As medidas de isolamento impostas no combate à pandemia do novo coronavírus podem levar seis mil bares e restaurantes de Belo Horizonte à falência, segundo estimativa do presidente da Associação Brasileira de Bares e Restaurantes (Abrasel), Ricardo Rodrigues. 

“Temos 22 mil estabelecimentos hoje em Belo Horizonte. É provável que 30% não consigam reabrir. Isso é muito triste, é muito ruim. Em um primeiro momento, logo quando foi decretado o fechamento por tempo indeterminado dos estabelecimentos, colocamos parte de nossos funcionários em férias. Paralelamente, o governo federal criou a Medida Provisória dos Salários (MP 936, que permite a redução da carga horária e salário dos colaboradores). Entretanto, essas medidas são paliativas.”, destacou Rodrigues.  

O  empresário Tulio Montenegro, dono Chef Tulio Internacional Butiikin, no bairro Horto, região Leste de Belo Horizonte, estuda possibilidades para reabrir a casa com segurança. 

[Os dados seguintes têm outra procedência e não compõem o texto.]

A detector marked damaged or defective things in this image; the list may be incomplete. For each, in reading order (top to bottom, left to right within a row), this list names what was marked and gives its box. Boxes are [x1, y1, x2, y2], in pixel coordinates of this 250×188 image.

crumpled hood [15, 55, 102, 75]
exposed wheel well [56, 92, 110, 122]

“Eu tenho 72 anos. Minhas cozinheiras têm 65 e 63. O garçom do almoço, que está comigo há anos, tem 72. Estamos todos no grupo de risco da Covid-19. Resumindo: estou completamente fechado há quase 60 dias. Acredito que no mínimo 80% dos empresários do setor de alimentação fora do lar se encontram na mesma situação que a minha”, lamentou o empresário.

Esperança

O cenário de incertezas é mais um obstáculo a ser enfrentado. Mas, de acordo com Ricardo Rodrigues, o setor está esperançoso em Belo Horizonte com a expectativa de flexibilização do comércio a partir do dia 25 de maio.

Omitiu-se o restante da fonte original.